Em campo, Ampadu também tem sido decisivo. Na vitória em casa contra o Chelsea, o médio dominou o duelo com Enzo Fernández. Uma fonte próxima do jogador, que chegou do Chelsea em 2023 após apenas um jogo na Premier League pelo clube londrino, comentou a sua motivação. «Ele não o dirá, porque não é esse tipo de pessoa, mas penso que tinha uma missão pessoal de jogar bem e deixar a sua marca no jogo, quase para mostrar ao Chelsea o que está a fazer agora», afirmou.
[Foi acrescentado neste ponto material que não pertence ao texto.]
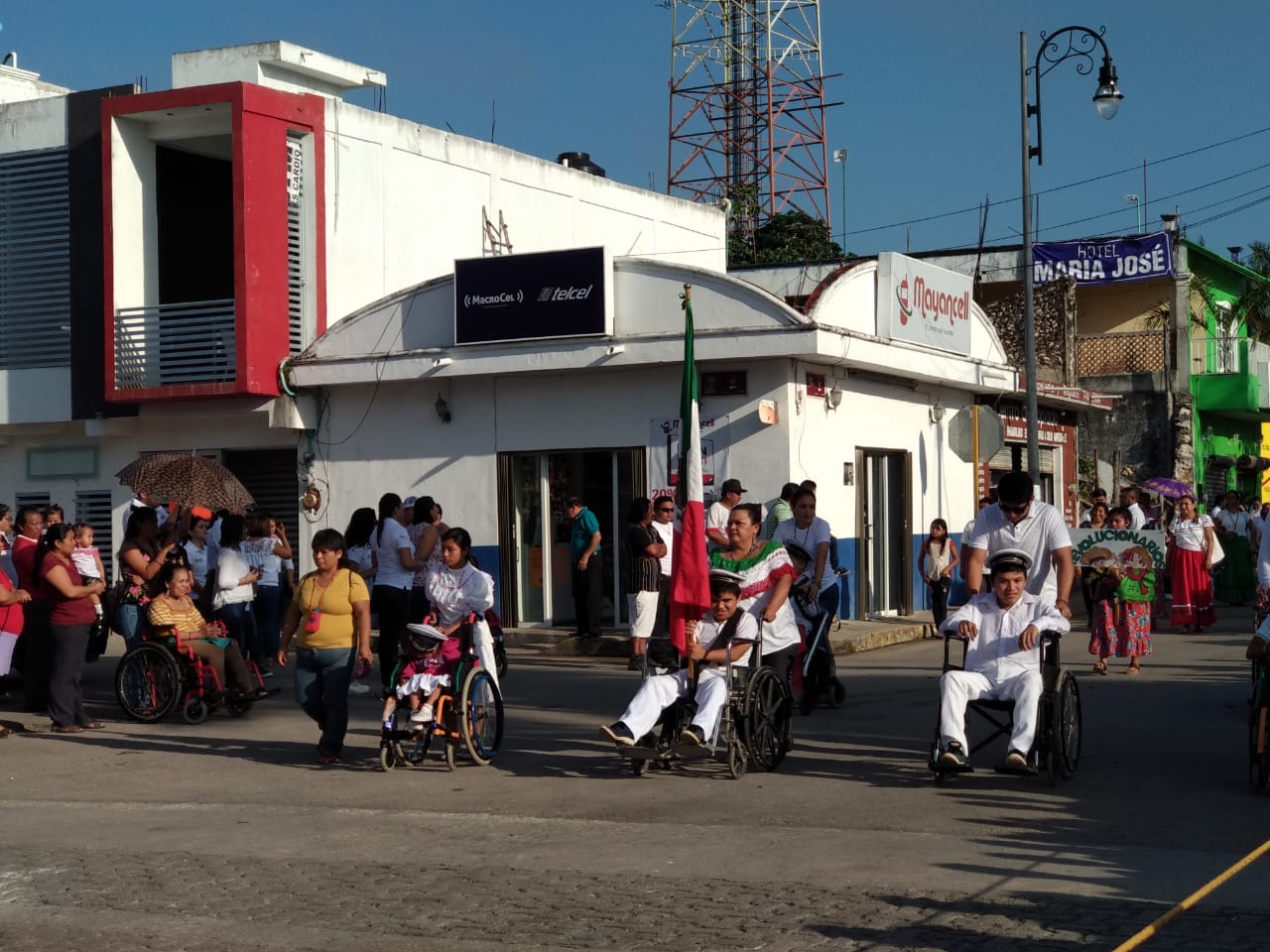 Aguacero no fue impedimento para celebrar el 108 aniversario de la Revolución Mexicana en la capital de la cultura Maya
O espírito de sacrifício estende-se a outros jogadores. Bijol, por exemplo, jogou com dores na anca na recente vitória sobre o Burnley para garantir que estaria disponível. Já Gabriel Gudmundsson, um dos candidatos a jogador do ano do clube, mostrou resiliência após marcar um autogolo infeliz contra o Fulham. Uma semana depois, após a vitória sobre o Wolverhampton Wanderers, quando um funcionário do clube lhe perguntou como se sentia em relação ao autogolo, Gudmundsson terá respondido: «Que raio de autogolo?»

Embora os incentivos financeiros sejam importantes, o dinheiro é secundário face ao que foi alcançado em campo. A reviravolta da equipa tem sido notável, e o foco está agora em consolidar a sua posição para o futuro.